*Task description:* Give back only the lines from the one with "Indigo selvedge denim" through the last line of the data, exactly as they appear.

Scraped caption text data:
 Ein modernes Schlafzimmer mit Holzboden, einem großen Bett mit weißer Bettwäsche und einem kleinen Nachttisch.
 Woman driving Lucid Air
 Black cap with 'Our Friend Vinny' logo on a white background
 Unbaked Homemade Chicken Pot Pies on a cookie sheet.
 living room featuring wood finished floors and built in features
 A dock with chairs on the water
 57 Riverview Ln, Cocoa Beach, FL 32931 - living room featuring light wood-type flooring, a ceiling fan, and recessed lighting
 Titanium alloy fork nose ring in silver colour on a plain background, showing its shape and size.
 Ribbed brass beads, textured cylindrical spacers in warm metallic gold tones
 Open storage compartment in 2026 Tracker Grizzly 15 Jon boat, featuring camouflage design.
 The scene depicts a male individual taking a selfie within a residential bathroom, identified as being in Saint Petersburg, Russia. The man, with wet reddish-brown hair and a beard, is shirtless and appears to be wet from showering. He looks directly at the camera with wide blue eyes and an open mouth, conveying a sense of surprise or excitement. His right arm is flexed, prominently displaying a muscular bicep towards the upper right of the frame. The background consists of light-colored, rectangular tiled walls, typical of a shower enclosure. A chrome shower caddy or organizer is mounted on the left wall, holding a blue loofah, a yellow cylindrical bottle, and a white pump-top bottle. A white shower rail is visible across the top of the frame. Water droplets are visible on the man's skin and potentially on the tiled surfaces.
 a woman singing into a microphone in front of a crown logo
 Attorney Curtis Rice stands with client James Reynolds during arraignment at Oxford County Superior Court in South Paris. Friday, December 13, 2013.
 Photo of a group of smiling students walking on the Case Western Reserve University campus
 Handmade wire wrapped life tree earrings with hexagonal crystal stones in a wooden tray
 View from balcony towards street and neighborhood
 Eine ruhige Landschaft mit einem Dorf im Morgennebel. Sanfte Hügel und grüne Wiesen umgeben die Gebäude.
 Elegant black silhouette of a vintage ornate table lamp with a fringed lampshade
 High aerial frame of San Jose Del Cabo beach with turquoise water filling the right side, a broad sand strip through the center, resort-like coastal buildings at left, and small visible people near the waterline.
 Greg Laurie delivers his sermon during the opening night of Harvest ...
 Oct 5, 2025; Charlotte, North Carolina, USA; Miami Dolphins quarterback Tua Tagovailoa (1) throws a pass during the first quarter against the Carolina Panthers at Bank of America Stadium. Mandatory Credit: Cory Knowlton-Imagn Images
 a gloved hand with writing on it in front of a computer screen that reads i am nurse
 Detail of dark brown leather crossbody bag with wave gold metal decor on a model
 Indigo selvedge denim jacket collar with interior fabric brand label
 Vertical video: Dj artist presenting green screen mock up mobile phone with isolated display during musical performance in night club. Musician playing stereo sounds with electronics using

*Result:*
 Indigo selvedge denim jacket collar with interior fabric brand label
 Vertical video: Dj artist presenting green screen mock up mobile phone with isolated display during musical performance in night club. Musician playing stereo sounds with electronics using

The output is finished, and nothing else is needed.